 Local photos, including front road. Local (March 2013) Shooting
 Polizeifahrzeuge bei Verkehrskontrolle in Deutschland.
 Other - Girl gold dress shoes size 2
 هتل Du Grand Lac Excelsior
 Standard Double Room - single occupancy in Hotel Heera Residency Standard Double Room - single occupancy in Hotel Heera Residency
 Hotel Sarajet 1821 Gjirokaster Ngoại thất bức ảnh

************

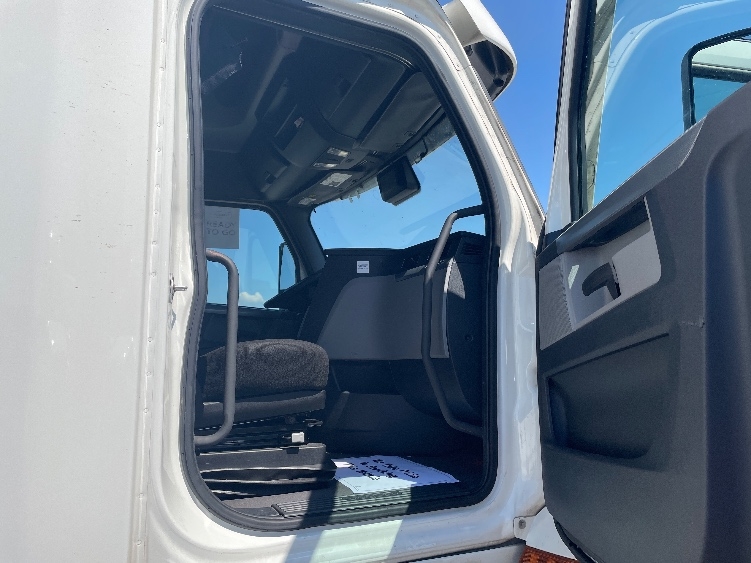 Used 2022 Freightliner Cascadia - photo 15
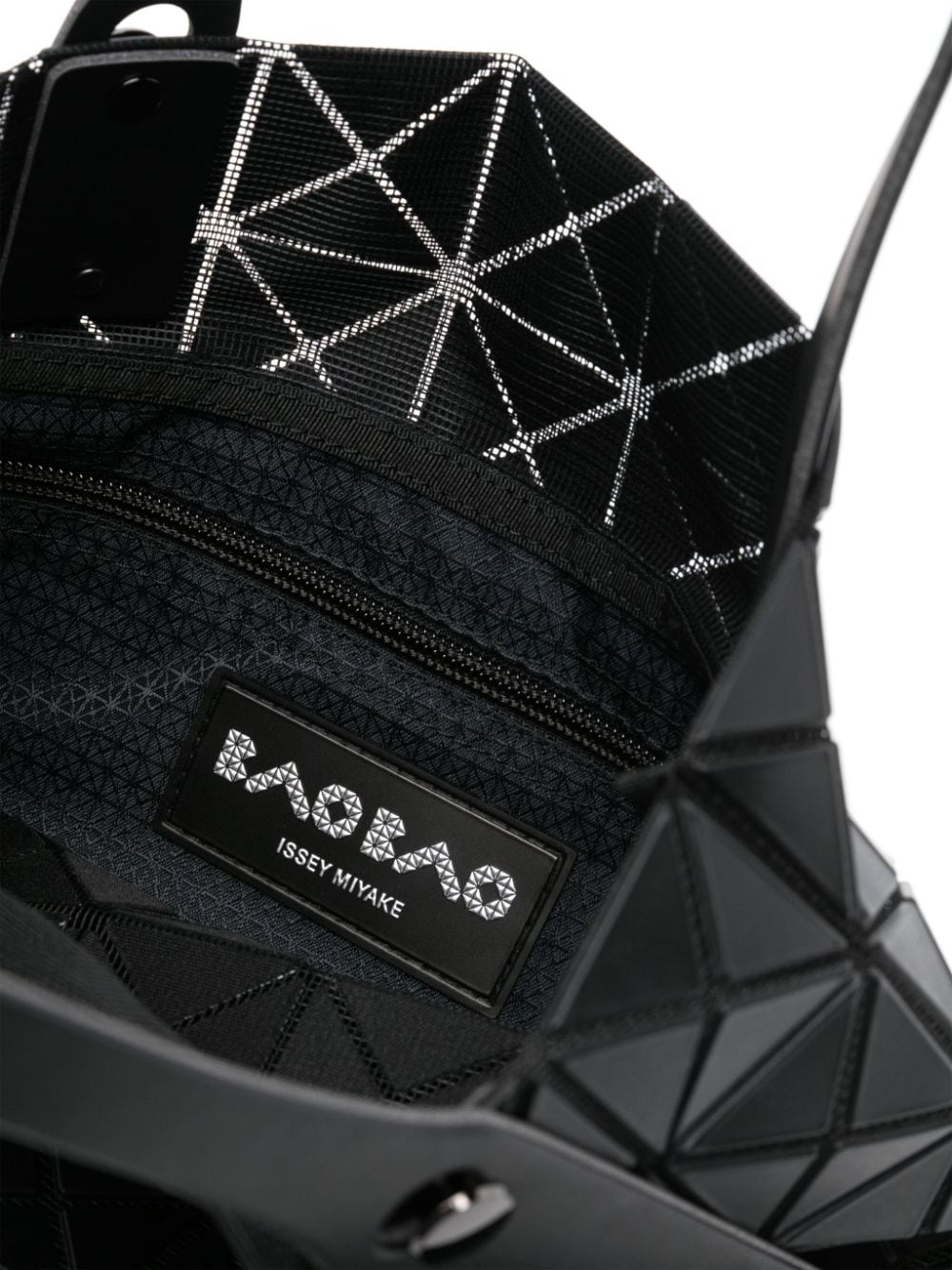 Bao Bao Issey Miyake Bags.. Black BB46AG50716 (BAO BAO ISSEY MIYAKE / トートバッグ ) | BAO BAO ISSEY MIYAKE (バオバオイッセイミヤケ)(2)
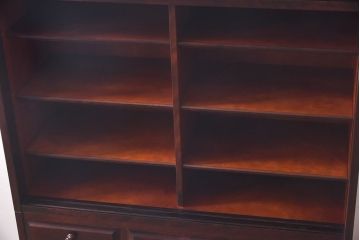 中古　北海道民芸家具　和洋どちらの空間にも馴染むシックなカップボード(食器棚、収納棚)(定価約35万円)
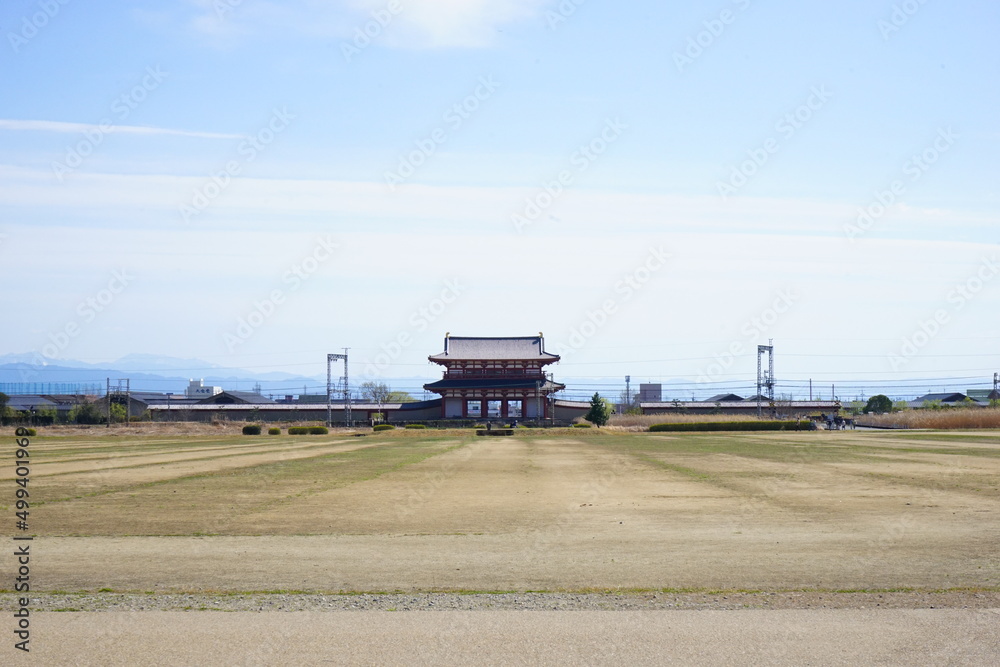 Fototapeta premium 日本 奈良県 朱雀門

************

Say how many lines in the records hold the string "Hotel", and say nothing else.

2